§ **Extracted records**

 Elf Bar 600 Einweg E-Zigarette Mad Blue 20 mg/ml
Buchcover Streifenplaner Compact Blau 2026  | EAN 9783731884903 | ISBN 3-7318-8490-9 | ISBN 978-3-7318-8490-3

--

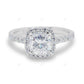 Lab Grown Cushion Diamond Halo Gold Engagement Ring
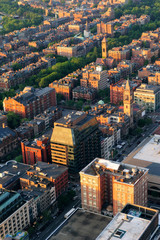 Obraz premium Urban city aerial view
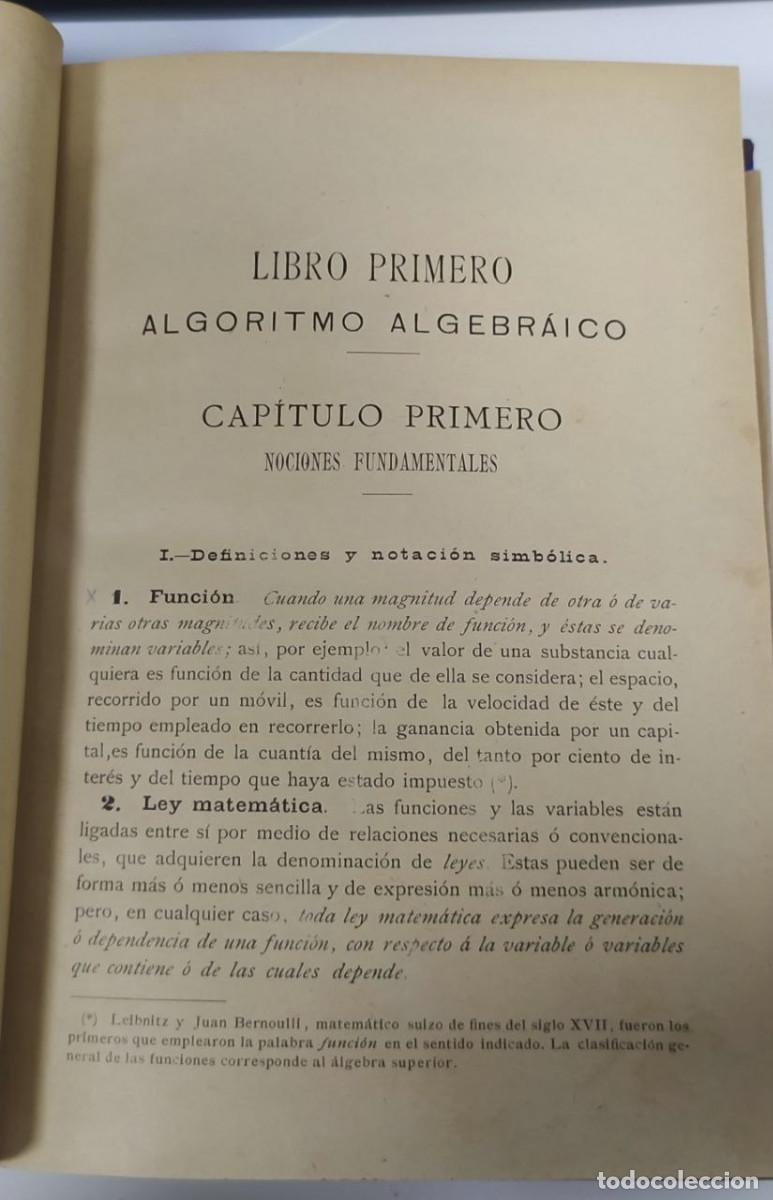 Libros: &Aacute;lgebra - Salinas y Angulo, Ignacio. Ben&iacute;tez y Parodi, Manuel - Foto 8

§ **Required work**
An exact copy is needed of the entries above, starting at the line that holds "Lab Grown Cushion" and stopping at the line that holds "Libros: &Aacute;lgebra - Salinas", both kept; pictures stay out.

§ **Result**
 Lab Grown Cushion Diamond Halo Gold Engagement Ring
 Obraz premium Urban city aerial view
 Libros: &Aacute;lgebra - Salinas y Angulo, Ignacio. Ben&iacute;tez y Parodi, Manuel - Foto 8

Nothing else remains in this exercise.